Joint Probability Estimation of Many Binary Outcomes via Localized Adversarial Lasso

In this work we consider estimating the probability of many (possibly dependent) binary outcomes which is at the core of many applications, e.g., multi-level treatments in causal inference, demands for bundle of products, etc. Without further conditions, the probability distribution of an M dimensional binary vector is characterized by exponentially in M coefficients which can lead to a high-dimensional problem even without the presence of covariates. Understanding the (in)dependence structure allows us to substantially improve the estimation as it allows for an effective factorization of the probability distribution. In order to estimate the probability distribution of a M dimensional binary vector, we leverage a Bahadur representation that connects the sparsity of its coefficients with independence across the components. We propose to use regularized and adversarial regularized estimators to obtain an adaptive estimator with respect to the dependence structure which allows for rates of convergence to depend on this intrinsic (lower) dimension. These estimators are needed to handle several challenges within this setting, including estimating nuisance parameters, estimating covariates, and nonseparable moment conditions. Our main results consider the presence of (low dimensional) covariates for which we propose a locally penalized estimator. We provide pointwise rates of convergence addressing several issues in the theoretical analyses as we strive for making a computationally tractable formulation. We apply our results in the estimation of causal effects with multiple binary treatments and show how our estimators can improve the finite sample performance when compared with non-adaptive estimators that try to estimate all the probabilities directly.

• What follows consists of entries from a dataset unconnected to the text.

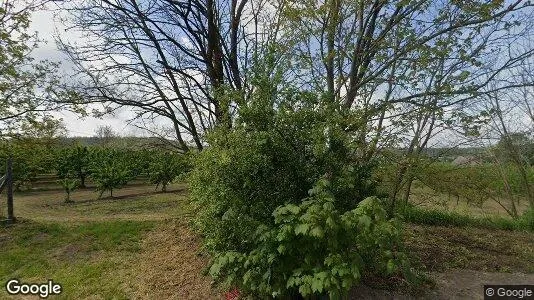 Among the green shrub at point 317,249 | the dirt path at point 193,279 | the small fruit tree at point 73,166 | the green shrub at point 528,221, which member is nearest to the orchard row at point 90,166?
the small fruit tree at point 73,166

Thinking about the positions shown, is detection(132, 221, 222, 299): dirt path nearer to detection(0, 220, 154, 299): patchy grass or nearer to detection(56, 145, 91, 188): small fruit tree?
detection(0, 220, 154, 299): patchy grass

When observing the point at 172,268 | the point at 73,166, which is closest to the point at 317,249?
the point at 172,268

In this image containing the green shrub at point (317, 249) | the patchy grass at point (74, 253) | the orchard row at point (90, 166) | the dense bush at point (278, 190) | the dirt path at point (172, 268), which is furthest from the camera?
the orchard row at point (90, 166)

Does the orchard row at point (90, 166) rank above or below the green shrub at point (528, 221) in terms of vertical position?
above

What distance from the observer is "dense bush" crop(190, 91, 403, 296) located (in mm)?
3363

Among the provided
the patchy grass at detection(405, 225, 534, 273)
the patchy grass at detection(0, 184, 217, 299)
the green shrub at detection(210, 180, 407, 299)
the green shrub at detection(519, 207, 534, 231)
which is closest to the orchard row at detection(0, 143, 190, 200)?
the patchy grass at detection(0, 184, 217, 299)

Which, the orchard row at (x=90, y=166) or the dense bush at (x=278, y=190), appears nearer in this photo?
the dense bush at (x=278, y=190)

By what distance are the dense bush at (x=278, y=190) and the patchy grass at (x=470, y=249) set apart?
242 cm

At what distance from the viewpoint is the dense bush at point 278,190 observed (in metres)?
3.36

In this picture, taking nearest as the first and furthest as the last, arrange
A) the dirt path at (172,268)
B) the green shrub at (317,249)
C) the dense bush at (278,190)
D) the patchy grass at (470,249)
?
the green shrub at (317,249), the dense bush at (278,190), the dirt path at (172,268), the patchy grass at (470,249)

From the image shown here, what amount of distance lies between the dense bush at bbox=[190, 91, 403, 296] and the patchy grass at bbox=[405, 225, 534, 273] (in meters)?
2.42

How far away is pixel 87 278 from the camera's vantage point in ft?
17.7

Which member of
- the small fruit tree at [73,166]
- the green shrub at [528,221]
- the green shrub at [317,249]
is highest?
the small fruit tree at [73,166]

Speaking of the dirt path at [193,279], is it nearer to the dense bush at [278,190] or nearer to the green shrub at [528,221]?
the dense bush at [278,190] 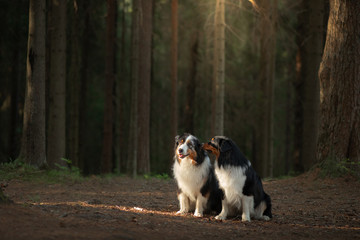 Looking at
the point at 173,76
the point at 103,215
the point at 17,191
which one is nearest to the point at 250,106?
the point at 173,76

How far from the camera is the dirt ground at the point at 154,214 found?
19.7 feet

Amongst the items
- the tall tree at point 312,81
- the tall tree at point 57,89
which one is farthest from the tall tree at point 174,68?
the tall tree at point 57,89

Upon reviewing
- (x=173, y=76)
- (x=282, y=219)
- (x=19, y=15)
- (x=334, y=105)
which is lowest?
(x=282, y=219)

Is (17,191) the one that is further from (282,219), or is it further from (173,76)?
(173,76)

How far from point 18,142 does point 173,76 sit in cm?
1017

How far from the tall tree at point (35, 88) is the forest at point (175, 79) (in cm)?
3

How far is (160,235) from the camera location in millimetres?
6293

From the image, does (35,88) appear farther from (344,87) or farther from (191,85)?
(191,85)

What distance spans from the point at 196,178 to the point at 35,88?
7.57 meters

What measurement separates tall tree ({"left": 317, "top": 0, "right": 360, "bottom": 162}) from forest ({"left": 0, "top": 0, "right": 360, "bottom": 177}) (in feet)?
0.11

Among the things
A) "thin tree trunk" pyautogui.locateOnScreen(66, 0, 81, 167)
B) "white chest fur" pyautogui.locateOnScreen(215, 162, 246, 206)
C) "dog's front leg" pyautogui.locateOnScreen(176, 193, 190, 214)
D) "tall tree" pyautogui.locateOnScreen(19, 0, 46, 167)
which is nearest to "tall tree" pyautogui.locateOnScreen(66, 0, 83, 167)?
"thin tree trunk" pyautogui.locateOnScreen(66, 0, 81, 167)

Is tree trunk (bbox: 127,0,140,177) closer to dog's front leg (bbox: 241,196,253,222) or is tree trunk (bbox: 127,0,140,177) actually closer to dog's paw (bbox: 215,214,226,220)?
dog's paw (bbox: 215,214,226,220)

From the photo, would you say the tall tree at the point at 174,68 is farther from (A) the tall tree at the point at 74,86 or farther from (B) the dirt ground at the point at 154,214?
(B) the dirt ground at the point at 154,214

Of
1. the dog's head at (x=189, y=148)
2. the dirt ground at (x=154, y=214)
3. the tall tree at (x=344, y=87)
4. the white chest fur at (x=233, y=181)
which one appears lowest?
the dirt ground at (x=154, y=214) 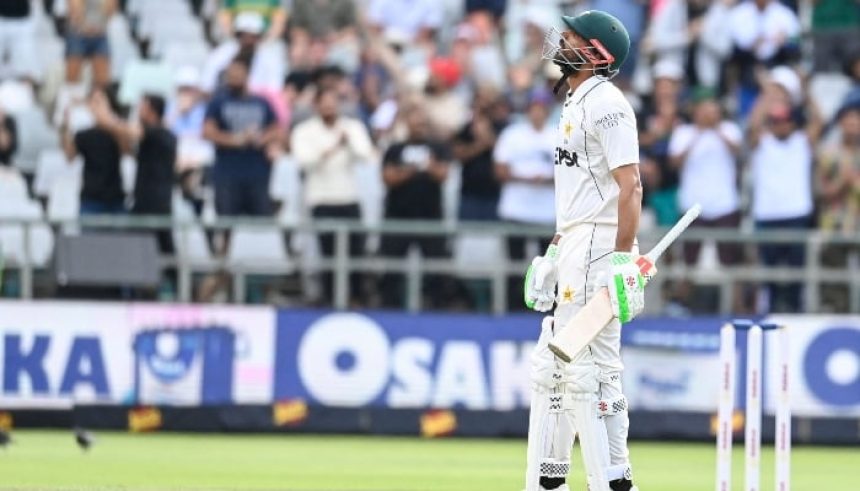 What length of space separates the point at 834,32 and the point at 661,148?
173 inches

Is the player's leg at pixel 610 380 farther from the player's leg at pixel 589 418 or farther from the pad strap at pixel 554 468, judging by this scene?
the pad strap at pixel 554 468

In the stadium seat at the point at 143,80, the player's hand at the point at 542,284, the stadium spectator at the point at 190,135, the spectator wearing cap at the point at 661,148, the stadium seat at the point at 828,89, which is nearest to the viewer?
→ the player's hand at the point at 542,284

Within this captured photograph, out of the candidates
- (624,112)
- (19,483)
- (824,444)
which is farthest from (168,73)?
(624,112)

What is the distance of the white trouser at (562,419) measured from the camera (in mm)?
9867

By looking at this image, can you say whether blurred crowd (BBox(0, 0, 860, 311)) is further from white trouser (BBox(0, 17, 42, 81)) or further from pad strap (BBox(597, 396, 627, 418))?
pad strap (BBox(597, 396, 627, 418))

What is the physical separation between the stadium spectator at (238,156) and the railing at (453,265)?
69 cm

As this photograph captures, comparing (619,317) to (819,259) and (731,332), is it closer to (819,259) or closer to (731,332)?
(731,332)

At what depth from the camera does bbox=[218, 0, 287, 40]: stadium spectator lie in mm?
22000

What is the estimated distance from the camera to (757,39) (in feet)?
70.0

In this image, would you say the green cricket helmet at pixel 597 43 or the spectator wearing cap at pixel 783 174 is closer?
the green cricket helmet at pixel 597 43

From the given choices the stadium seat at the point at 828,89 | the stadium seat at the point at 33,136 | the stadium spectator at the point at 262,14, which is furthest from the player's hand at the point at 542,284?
the stadium seat at the point at 828,89

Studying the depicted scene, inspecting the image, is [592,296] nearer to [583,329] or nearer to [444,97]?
[583,329]

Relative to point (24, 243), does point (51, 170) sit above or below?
above

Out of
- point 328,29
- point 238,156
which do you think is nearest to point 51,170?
point 238,156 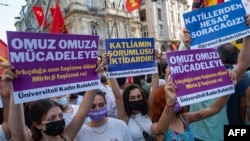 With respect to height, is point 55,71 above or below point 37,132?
above

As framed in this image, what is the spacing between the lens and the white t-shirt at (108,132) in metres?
2.38

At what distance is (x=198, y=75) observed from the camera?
2256 mm

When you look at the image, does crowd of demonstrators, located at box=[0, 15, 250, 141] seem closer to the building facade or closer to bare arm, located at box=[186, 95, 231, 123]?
bare arm, located at box=[186, 95, 231, 123]

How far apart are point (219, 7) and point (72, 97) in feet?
7.98

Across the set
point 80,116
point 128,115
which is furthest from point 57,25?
point 80,116

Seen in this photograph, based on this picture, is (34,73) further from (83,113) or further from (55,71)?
(83,113)

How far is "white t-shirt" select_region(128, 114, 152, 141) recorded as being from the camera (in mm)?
2668

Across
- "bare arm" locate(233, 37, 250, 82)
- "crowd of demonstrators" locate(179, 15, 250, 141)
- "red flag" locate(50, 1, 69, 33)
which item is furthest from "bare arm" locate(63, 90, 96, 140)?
"red flag" locate(50, 1, 69, 33)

We also provide simulations that are consistent with our theoretical findings.

翻译：本研究探讨多元（可能相关）二元结果的概率估计问题，该问题是众多应用领域的核心，例如因果推断中的多水平处理、产品组合需求预测等。在无附加条件的情况下，M维二元向量的概率分布需要以M为指数增长的系数进行刻画，即使不存在协变量也会导致高维问题。理解（非）依赖结构能通过概率分布的有效分解显著改进估计效果。为估计M维二元向量的概率分布，我们利用Bahadur表示法建立其系数稀疏性与分量独立性之间的关联。我们提出采用正则化及对抗正则化估计量，以获得对依赖结构具有自适应性的估计器，从而使收敛速率能够依赖这一内在（更低）维度。这些估计器需要应对本设定中的若干挑战，包括干扰参数估计、协变量估计以及不可分离矩条件。我们的主要研究结果考虑了（低维）协变量的存在，为此提出局部惩罚估计量。在构建计算可行的理论框架过程中，我们针对理论分析的若干问题给出了逐点收敛速率。我们将研究成果应用于多二元处理的因果效应估计，证明相较于试图直接估计所有概率的非自适应估计器，我们的估计器能提升有限样本性能。同时提供的数值模拟结果与理论发现相一致。